My intentions are not to slander or distance allies, simply to educate. Straight allies have pure intentions, but sometimes the way they go about things can come off as ignorant and entitled.

Many straight allies are guilty of treating LGBTQIA individuals as their sexuality and/or gender identity instead of as a person. I am not defined by my sexuality any more than straight allies are defined by theirs. Introducing someone as “my gay friend” or “my trans girlfriend” demonstrates a lack of both tact and understanding. Everyone, regardless of sexual preference or gender identity, is a person first. Who someone sleeps with or how they identify themselves is more often than not of little importance.  

When confronted by LGBTQIA individuals about their problematic behavior, straight allies sometimes get defensive. Instead of listening to the critiques of someone actually in the community, they think they have everything already figured out and refuse to alter their behavior. However, as an outsider advocating for a community they are not a member of, their understanding can only go so far—a truth that straight allies must recognize.

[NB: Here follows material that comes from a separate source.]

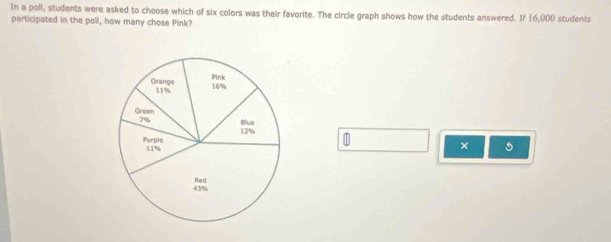 In a poll, students were asked to choose which of six colors was their favorite. The circle graph shows how the students answered. If 16,000 students 
participated in the poll, how many chose Pink? 
1 
×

When straight allies do not listen to actual members of the LGBTQIA community, it makes me question whether they are allies because they truly want to help or rather simply because they want to make themselves look good. I really would like to believe it is more the former than the latter.

The work of straight allies is not taken for granted and the vast majority of the LGBTQIA community is grateful for their support, kindness and care. The work they do and the support they give is invaluable and vital to the success of the LGBTQIA movement. However, sometimes allies just need to listen before they think, think before they speak and speak before they act—that is all.